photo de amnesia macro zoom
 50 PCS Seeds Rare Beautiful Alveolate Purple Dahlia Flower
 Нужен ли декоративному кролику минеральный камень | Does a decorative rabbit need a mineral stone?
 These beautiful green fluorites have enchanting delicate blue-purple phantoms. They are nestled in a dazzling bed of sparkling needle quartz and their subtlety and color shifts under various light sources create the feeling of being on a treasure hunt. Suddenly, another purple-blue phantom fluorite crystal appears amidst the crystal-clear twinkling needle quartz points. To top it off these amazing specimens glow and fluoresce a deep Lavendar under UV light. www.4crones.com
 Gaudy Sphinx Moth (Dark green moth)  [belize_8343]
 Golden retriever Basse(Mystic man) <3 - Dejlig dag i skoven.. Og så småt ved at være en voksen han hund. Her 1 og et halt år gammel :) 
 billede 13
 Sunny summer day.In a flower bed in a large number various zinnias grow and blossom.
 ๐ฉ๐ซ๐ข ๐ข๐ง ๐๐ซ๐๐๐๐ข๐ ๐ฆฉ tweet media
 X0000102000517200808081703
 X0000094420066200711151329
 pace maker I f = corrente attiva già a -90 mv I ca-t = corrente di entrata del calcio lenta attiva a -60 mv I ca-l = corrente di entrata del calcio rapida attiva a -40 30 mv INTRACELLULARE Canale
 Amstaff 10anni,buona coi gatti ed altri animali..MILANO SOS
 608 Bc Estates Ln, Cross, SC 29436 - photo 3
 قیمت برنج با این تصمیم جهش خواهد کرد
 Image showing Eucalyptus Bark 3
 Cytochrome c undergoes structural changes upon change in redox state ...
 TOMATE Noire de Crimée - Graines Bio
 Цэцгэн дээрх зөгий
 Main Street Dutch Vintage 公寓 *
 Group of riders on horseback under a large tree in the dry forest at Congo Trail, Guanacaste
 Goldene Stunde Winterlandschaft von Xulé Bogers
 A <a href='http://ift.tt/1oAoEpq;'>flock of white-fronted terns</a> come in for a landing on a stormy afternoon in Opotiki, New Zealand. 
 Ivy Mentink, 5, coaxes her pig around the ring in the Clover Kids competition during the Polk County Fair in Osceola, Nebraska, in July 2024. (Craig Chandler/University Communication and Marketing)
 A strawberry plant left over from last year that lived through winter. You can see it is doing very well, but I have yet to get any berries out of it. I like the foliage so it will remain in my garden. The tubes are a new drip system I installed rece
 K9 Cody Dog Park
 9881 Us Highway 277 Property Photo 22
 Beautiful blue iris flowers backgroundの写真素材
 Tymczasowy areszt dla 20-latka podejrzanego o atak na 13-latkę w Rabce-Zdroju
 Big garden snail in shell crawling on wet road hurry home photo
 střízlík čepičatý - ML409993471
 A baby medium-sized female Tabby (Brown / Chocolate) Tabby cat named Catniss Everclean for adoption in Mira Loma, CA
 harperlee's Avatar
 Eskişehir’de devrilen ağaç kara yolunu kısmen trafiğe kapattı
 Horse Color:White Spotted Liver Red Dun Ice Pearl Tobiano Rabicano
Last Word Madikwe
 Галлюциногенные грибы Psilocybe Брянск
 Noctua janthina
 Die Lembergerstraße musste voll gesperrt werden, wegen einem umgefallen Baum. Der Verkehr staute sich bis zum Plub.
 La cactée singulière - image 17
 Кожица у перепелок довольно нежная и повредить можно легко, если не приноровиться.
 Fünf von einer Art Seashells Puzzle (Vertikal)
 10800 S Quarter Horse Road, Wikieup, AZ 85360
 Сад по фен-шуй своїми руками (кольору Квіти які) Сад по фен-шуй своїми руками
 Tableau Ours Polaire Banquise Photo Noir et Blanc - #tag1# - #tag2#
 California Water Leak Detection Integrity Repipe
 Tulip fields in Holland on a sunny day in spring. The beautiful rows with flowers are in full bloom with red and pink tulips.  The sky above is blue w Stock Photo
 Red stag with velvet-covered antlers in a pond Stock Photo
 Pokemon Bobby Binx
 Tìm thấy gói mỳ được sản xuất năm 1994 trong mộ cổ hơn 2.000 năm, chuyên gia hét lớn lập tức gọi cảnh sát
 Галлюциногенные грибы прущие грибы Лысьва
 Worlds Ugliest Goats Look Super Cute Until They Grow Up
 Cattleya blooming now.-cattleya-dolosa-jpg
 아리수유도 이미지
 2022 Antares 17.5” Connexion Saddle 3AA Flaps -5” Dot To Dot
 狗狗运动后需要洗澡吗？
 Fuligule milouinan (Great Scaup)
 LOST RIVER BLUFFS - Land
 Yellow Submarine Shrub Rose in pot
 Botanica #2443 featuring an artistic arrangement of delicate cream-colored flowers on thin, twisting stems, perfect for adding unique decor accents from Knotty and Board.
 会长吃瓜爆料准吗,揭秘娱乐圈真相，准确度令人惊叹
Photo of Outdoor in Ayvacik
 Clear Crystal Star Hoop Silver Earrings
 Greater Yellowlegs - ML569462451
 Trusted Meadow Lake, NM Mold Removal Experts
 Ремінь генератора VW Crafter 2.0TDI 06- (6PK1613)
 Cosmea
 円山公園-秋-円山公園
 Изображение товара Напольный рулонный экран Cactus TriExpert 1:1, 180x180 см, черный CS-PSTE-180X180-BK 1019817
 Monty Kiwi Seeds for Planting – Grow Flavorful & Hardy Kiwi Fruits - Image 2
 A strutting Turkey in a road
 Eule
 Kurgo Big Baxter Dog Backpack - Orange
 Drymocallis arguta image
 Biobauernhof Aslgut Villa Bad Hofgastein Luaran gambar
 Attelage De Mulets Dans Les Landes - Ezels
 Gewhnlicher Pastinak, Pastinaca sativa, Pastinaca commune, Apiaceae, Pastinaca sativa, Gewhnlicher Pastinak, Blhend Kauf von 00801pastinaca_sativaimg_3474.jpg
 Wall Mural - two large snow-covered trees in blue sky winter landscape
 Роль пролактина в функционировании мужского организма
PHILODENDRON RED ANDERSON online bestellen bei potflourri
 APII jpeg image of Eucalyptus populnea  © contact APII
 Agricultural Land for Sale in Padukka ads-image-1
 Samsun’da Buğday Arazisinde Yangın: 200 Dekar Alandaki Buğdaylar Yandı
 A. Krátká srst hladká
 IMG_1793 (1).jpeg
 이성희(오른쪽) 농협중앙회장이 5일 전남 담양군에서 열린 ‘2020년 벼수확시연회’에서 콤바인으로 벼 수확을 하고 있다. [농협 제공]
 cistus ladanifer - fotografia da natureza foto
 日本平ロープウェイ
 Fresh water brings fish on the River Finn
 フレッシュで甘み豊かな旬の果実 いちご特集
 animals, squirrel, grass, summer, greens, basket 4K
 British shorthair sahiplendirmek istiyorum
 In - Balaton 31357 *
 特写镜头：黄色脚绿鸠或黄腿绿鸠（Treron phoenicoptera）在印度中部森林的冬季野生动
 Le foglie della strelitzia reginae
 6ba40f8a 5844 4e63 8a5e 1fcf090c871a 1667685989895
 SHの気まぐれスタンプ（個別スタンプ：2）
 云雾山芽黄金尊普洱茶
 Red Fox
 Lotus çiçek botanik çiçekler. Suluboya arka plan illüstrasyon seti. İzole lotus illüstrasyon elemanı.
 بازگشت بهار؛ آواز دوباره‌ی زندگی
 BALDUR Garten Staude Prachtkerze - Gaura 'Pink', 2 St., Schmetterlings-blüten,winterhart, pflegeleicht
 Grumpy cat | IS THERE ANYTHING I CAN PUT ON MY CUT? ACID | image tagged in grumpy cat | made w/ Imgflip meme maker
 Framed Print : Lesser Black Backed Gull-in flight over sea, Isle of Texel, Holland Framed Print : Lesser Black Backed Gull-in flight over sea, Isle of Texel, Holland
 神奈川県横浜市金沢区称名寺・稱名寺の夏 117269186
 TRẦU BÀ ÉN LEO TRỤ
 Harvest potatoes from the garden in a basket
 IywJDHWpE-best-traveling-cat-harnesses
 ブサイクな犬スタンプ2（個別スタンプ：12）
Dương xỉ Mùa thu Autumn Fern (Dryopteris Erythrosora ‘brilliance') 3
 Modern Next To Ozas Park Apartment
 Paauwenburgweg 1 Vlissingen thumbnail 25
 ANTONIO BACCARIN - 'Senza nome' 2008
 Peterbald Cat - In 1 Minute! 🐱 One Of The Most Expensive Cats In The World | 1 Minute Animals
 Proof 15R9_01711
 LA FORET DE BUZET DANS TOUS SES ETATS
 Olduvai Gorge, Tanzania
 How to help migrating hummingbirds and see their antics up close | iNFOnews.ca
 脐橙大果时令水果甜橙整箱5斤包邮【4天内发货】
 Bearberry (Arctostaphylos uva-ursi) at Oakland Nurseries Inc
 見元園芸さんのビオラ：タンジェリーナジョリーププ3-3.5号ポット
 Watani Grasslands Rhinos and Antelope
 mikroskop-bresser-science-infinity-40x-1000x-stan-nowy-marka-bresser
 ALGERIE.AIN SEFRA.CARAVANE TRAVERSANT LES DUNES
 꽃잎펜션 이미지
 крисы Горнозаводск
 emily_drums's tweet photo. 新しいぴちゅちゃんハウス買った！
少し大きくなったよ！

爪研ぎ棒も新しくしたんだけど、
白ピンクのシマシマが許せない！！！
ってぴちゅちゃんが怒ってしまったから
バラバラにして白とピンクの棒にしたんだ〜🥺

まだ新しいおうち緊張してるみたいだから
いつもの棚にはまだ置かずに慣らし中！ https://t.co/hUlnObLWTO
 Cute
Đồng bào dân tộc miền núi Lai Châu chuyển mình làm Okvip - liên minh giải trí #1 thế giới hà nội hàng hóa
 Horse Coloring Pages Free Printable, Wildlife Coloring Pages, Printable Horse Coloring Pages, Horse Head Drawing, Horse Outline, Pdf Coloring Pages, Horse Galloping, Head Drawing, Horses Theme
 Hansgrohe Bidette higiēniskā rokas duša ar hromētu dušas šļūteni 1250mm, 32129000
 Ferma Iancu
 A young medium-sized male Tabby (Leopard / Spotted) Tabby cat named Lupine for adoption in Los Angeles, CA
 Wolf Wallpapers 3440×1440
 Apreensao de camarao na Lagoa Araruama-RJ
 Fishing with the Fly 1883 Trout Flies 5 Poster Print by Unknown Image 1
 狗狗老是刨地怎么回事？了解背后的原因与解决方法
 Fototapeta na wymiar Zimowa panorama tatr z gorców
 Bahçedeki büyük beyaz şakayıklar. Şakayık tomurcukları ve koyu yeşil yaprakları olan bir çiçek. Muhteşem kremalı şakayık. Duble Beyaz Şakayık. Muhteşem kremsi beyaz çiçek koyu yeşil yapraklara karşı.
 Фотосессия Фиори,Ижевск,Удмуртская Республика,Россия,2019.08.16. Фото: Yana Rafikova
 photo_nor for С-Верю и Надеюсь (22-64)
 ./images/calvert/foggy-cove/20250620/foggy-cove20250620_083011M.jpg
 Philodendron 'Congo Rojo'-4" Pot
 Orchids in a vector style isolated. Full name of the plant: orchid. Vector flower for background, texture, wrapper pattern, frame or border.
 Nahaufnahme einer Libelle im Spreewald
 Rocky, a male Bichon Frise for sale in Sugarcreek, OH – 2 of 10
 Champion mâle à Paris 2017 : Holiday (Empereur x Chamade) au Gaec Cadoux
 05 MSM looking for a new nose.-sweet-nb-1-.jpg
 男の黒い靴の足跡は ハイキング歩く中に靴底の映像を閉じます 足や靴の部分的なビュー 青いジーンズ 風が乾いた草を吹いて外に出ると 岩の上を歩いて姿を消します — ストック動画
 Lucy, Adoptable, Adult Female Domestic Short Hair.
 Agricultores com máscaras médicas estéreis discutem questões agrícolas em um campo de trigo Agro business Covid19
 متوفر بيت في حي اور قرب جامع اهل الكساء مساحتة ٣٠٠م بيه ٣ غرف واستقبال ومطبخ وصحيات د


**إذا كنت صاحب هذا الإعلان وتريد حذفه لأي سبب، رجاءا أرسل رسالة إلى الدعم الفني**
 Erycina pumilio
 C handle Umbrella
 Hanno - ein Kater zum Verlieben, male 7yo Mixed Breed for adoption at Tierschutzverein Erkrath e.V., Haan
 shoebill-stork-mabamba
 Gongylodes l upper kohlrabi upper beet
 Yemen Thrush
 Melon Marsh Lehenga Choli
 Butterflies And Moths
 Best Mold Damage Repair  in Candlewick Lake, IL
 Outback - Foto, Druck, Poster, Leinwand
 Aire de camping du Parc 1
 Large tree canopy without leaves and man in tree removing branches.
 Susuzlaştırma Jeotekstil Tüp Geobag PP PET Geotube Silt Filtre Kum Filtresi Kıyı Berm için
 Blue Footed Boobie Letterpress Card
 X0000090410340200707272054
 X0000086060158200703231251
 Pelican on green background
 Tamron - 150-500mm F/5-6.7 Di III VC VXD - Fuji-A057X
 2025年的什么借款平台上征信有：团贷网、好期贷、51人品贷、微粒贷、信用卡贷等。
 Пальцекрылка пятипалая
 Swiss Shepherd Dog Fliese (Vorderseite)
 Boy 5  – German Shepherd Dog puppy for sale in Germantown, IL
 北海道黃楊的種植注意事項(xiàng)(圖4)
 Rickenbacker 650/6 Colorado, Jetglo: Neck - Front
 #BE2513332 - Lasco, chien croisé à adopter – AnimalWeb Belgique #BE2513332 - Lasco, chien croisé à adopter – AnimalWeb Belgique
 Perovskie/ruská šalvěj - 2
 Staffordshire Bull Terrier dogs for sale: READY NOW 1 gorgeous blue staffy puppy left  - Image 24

=====

Please retype exactly the line containing "Pelican on green background" and each line after it to the end of the records, and nothing more.

Finished exercise:
 Pelican on green background
 Tamron - 150-500mm F/5-6.7 Di III VC VXD - Fuji-A057X
 2025年的什么借款平台上征信有：团贷网、好期贷、51人品贷、微粒贷、信用卡贷等。
 Пальцекрылка пятипалая
 Swiss Shepherd Dog Fliese (Vorderseite)
 Boy 5  – German Shepherd Dog puppy for sale in Germantown, IL
 北海道黃楊的種植注意事項(xiàng)(圖4)
 Rickenbacker 650/6 Colorado, Jetglo: Neck - Front
 #BE2513332 - Lasco, chien croisé à adopter – AnimalWeb Belgique #BE2513332 - Lasco, chien croisé à adopter – AnimalWeb Belgique
 Perovskie/ruská šalvěj - 2
 Staffordshire Bull Terrier dogs for sale: READY NOW 1 gorgeous blue staffy puppy left  - Image 24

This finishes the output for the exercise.